With integrations like OpenTelemetry and Prometheus, Last9 provides a structured approach to log analysis, ensuring that businesses maintain high availability and reliability.
GoAccess
A real-time web log analyzer that provides insights through terminal-based dashboards and HTML reports.
Commands:
# Terminal dashboard for Apache logs
goaccess /var/log/apache2/access.log -c
# Generate HTML report
goaccess /var/log/apache2/access.log --log-format=COMBINED -o report.html
Lnav (Log File Navigator)
Lnav offers an interactive way to analyze multiple log files in one unified view.
Commands:
# Open multiple logs at once
lnav /var/log/syslog /var/log/auth.log /var/log/apache2/error.log
# Press '?' for help in the interactive interface
Logwatch
An automated log analysis and reporting tool that summarizes logs and provides daily reports.
Commands:
# Install logwatch
sudo apt install logwatch
# Generate a report for yesterday
sudo logwatch --detail high --range yesterday --output stdout
While tools like GoAccess, Lnav, and Logwatch help with specific logging scenarios, Last9 provides a more holistic view of system behavior, making it a preferred choice for modern observability strategies.

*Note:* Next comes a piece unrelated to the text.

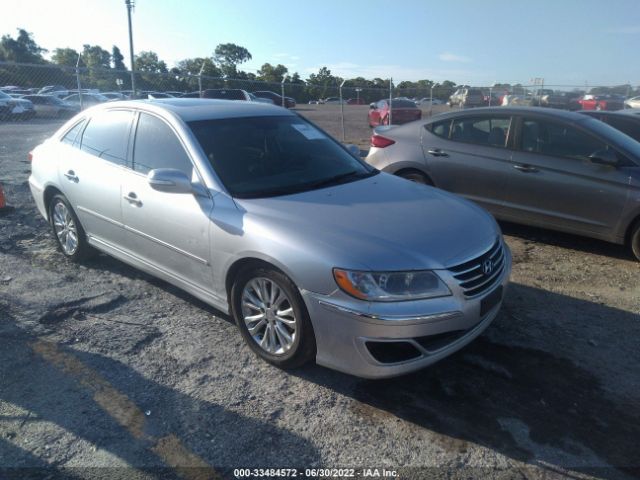 Photo 0 VIN: KMHFC4DF6BA559343 - HYUNDAI AZERA 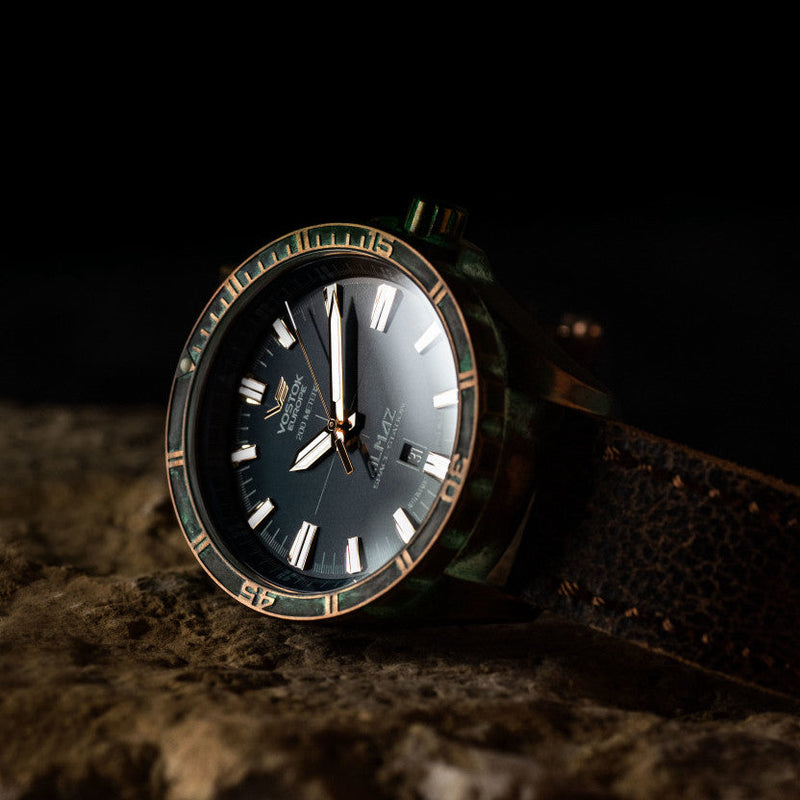 Vostok Europe Almaz Men's Watch NH35A/320O507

Best Practices for Linux Event Management
Follow these tips to keep your logging system useful:
- Set up log rotation to prevent disk space issues
- Configure based on size and time
- Consider compression for archives
- Set appropriate retention periods
- Use timestamps in a consistent format across all servers
- Preferably ISO 8601 format (YYYY-MM-DD HH:MM:SS)

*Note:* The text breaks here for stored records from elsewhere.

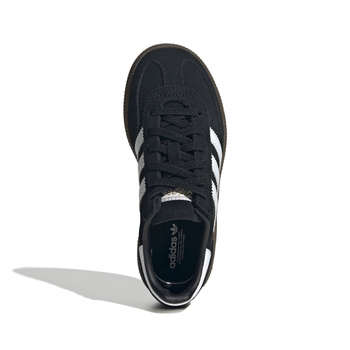 Buty sportowe dziecięce adidas HANDBALL SPEZIAL czarne JQ6382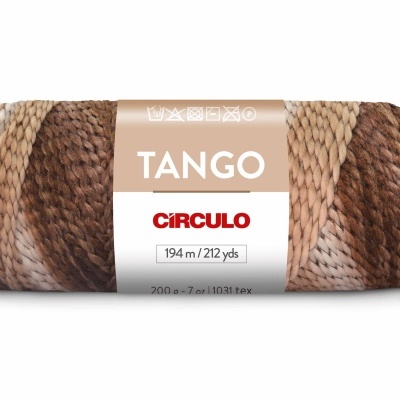 Lã Circulo- Tango Raiz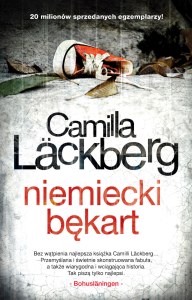 Niemiecki bękart. Saga o Fjällbace. Tom 5 wyd. 2025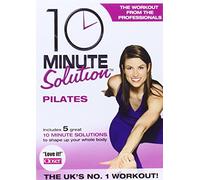 10 Minute Solution - Pilates [DVD] [Edizione: Regno Unito]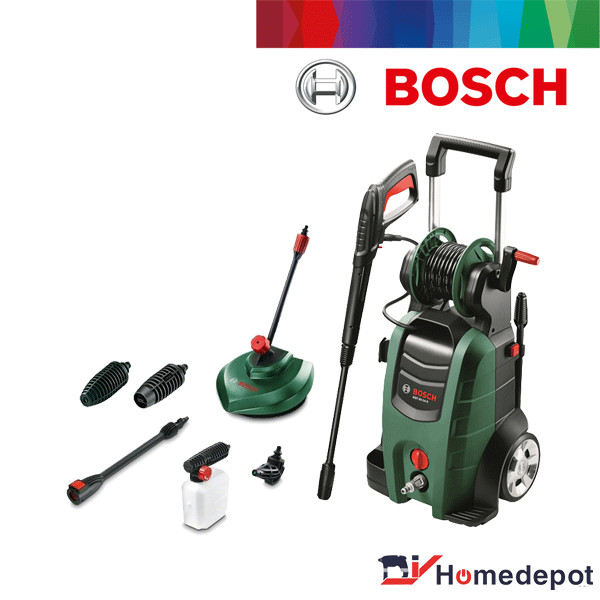 Bosch Diy Hochdruckreiniger Aqt 45-14X
 Máy xịt rửa cao áp Bosch AQT 45 14X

- Include timezone information
- Consider using UTC for multi-region setups
- Include hostname in logs for multi-server environments
- Essential for centralized logging
- Helps trace issues across services
- Consider adding the application name and version
- Configure appropriate log levels – too verbose is as bad as too quiet
- Use DEBUG only temporarily
- Keep INFO for normal operations
- Make sure ERROR and CRITICAL are always logged
- Back up important logs regularly
- Include logs in the backup strategy
- Consider longer retention for security logs
- Keep audit logs for compliance requirements
- Implement log security measures
- Set proper permissions (typically 640 or 600)
- Use dedicated log user accounts
- Consider log signing for tamper evidence
- Establish log monitoring and alerting
- Alert on critical errors
- Set up trend monitoring
- Create dashboards for visibility
- Document your logging architecture
- Map all log sources
- Document retention policies
- Create troubleshooting guides
Conclusion
Linux's logging system gives you a powerful window into what's happening on your system. The comprehensive list of events in these logs, especially in syslog or journald, provides the insights you need to solve problems fast.